I consiglieri comunali Maurizio Stefano Costa Stefano (Forza Chieti), Mario De Lio (FI–UDC) e Damiano Zappone (Forza Italia) intervengono con una dura presa di posizione sulle condizioni di lavoro negli edifici comunali di Chieti, richiamando preliminarmente le norme vigenti in materia di sicurezza e salute nei luoghi pubblici, così come stabilito dall’articolo 50, comma 1, lettera o) del decreto legislativo n. 81 del 9 aprile 2008.
Secondo quanto denunciato dai consiglieri, a partire dal novembre 2025 la sede comunale di Viale Amendola — alla quale si è recentemente aggiunta anche quella centrale dell’ex Banca d’Italia — è interessata da un grave guasto al sistema di riscaldamento che coinvolge diversi piani degli edifici. Una situazione che, spiegano, sta causando forti disagi ai dipendenti comunali, costretti a lavorare in ambienti non idonei e potenzialmente dannosi per la salute.
«I lavoratori sono costretti a operare in condizioni non idonei allo svolgimento della loro attività, spesso attualmente svolta con utilizzo di apparecchi alternativi non sicuri e insufficienti».
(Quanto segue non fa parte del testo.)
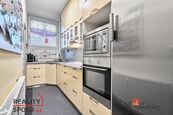 Prodej, byty/3+1, 94 m2, Svobodova 201/2, 36225 Nová Role, Karlovy Vary [ID 80928], cena 4355000 CZK / objekt, nabízí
I consiglieri evidenziano inoltre come le numerose segnalazioni, sia verbali che scritte, inviate nel tempo al sindaco e agli assessori competenti, anche da parte delle organizzazioni sindacali e dei rappresentanti dei lavoratori per la sicurezza, siano rimaste senza alcun riscontro concreto. «Alla data odierna infatti non si ha alcuna conoscenza sulle tempistiche relative alla risoluzione del problema o al ricorso ad interventi alternativi – affermano -, in grado, comunque, di ripristinare le normali condizioni di lavoro all’interno dell’Ente. Situazione questa che crea condizioni insostenibili per i lavoratori chiamati ad operare considerate anche le critiche condizioni meteorologiche di questo periodo».
Nel comunicato viene poi evidenziato quello che i consiglieri definiscono un vero e proprio paradosso amministrativo. Nel palazzo comunale di via degli Ernici, infatti, gli uffici sono stati sgomberati e trasferiti allo Scalo, lasciando l’immobile — composto da tre piani — praticamente vuoto, fatta eccezione per la rappresentanza dell’ACA. «Eppure — denunciano — in quella sede attualmente è rimasta solo la rappresentanza dell’A.C.A. per un immobile di tre piani tutto vuoto ma con il riscaldamento che funziona a tutto gas. Una situazione che rasenta l’incredibile».
Una vicenda che, annunciano, sarà oggetto di una specifica interrogazione consiliare «per chiarire le cose e ripristinare al più presto una corretta gestione che rispetti le realtà ed anche gli interessi dei cittadini, che rischiano di pagare con le loro tasse questi assurdi sprechi della amministrazione teatina».